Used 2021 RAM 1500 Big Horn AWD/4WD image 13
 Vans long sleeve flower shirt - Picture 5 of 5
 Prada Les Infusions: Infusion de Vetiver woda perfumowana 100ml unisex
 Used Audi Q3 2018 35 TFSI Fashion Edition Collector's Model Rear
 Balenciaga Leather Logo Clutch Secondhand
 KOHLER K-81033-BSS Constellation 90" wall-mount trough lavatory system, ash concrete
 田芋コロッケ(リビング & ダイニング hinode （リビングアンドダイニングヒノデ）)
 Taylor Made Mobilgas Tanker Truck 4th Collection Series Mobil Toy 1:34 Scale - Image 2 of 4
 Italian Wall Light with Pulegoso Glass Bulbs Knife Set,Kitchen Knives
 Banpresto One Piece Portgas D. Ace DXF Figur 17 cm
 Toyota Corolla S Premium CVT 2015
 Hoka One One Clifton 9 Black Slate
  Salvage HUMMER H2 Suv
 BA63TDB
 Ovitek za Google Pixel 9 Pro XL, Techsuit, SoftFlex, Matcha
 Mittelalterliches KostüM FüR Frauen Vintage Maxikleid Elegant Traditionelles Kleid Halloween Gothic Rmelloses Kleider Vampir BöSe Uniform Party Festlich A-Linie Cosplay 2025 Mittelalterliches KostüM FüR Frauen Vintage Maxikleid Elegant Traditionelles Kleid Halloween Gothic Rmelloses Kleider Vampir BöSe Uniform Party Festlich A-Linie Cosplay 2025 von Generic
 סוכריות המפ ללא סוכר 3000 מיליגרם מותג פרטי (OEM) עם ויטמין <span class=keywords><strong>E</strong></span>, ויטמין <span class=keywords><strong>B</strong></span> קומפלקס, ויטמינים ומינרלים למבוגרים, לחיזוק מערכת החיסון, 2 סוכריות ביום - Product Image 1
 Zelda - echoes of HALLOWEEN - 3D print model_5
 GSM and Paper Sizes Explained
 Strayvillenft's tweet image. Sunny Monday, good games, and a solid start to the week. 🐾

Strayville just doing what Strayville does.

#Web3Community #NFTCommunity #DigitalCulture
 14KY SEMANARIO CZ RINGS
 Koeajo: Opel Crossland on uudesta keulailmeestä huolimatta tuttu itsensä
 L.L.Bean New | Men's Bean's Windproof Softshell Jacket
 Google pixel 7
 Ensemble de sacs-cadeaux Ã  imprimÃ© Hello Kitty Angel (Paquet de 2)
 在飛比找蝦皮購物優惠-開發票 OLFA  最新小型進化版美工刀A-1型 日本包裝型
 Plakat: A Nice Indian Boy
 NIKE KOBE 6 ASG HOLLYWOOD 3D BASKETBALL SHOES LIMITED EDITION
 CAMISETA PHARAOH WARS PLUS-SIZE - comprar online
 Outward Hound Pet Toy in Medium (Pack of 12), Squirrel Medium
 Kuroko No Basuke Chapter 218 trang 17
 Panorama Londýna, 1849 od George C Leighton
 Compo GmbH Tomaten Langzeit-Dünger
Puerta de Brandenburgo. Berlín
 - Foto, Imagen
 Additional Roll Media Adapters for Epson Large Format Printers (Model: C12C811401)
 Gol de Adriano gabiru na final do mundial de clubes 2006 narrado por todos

|---|

- WHAT TO WORK ON -
Search the entries for the string "Google" and copy each line where it occurs.

- EXPECTED ANSWER -
 Ovitek za Google Pixel 9 Pro XL, Techsuit, SoftFlex, Matcha
 Google pixel 7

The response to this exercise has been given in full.